Affichage des articles dont le libellé est Bormans. Afficher tous les articles
Affichage des articles dont le libellé est Bormans. Afficher tous les articles

jeudi 15 septembre 2016

P. Maurice Borrmans : « À Ratisbonne, un malentendu regrettable »

L a Croix -P. Maurice Borrmans, le 13/09/2016 à 12h19
Professeur émérite de l’Institut pontifical d’études arabes et d’islamologie (Pisai) à Rome, le P. Maurice Borrmans revient sur la polémique née il y a dix ans exactement d’une leçon donnée par le pape Benoît XVI dans son ancienne université de Ratisbonne en Bavière.
Il y abordait incidemment du rapport entre foi et raison dans l’islam, à partir d’une citation malencontreuse tirée d’une controverse médiévale.
« À Ratisbonne, le 12 septembre 2006, dans le cadre amical de retrouvailles universitaires, Benoît XVI adressait à la pensée occidentale ses réflexions de philosophe et de théologien au sujet de son positivisme scientifique et de son relativisme spirituel qui la rendent incapable de comprendre les autres cultures et les diverses religions du monde.
Telle était bien l’intention profonde de ses propos, qu’il introduisit par une citation malencontreuse du savant empereur byzantin Manuel II Paléologue en son dialogue avec un érudit musulman de son temps.
En effet, la phrase qu’il en avait retenue est celle-ci : « Dieu ne prend pas plaisir au sang et ne pas agir selon la raison est contraire à la nature de Dieu ». Malheureusement elle s’inscrivait dans un contexte polémique où l’empereur critiquait un islam violent et son prophète fondateur.

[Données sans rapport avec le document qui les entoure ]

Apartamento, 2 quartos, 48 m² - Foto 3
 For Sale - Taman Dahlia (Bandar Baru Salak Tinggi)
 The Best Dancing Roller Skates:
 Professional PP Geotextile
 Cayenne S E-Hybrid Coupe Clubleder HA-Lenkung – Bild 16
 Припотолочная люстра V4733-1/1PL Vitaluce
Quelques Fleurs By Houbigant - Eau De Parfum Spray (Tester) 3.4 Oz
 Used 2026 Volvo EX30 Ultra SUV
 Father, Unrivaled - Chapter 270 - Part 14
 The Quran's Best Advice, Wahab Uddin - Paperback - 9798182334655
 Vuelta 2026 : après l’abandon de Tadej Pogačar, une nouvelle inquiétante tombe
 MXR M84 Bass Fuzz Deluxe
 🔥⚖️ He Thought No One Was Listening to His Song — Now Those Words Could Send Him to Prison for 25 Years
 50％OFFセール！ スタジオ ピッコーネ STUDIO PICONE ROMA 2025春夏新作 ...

« Le pape a-t-il gaffé ? »

Pouvait-il s’attendre à toutes les réactions que suscita son texte de la part des opinions publiques islamiques et d’un grand nombre de penseurs musulmans : caricatures désobligeantes, propos insultants, articles critiques, interventions diplomatiques, menaces physiques ? Il suffit d’en citer quelques-unes pour mesurer l’ampleur du malentendu que cela suscita. L’hebdomadaire francophone Jeune Afrique commentait ainsi son titre Benoît XVI : « Le pape a-t-il gaffé en laissant entendre que l’islam est par essence violent et peu accessible à la raison ? Ou n’a-t-il fait qu’exprimer le fond de sa pensée ? »
C’est bien cette deuxième hypothèse qu’ont alors développée la presse et la télévision en pays d’islam, d’où les accusations d’ignorance ou de mépris, d’inimitié profonde ou de refus du dialogue. Qui n’en a pas souffert parmi les chrétiens et les musulmans engagés dans les voies difficiles de l’amitié entre les uns et les autres ? Heureusement nombreuses furent alors les explications de Benoît XVI lui-même et de ses collaborateurs et représentants à Rome.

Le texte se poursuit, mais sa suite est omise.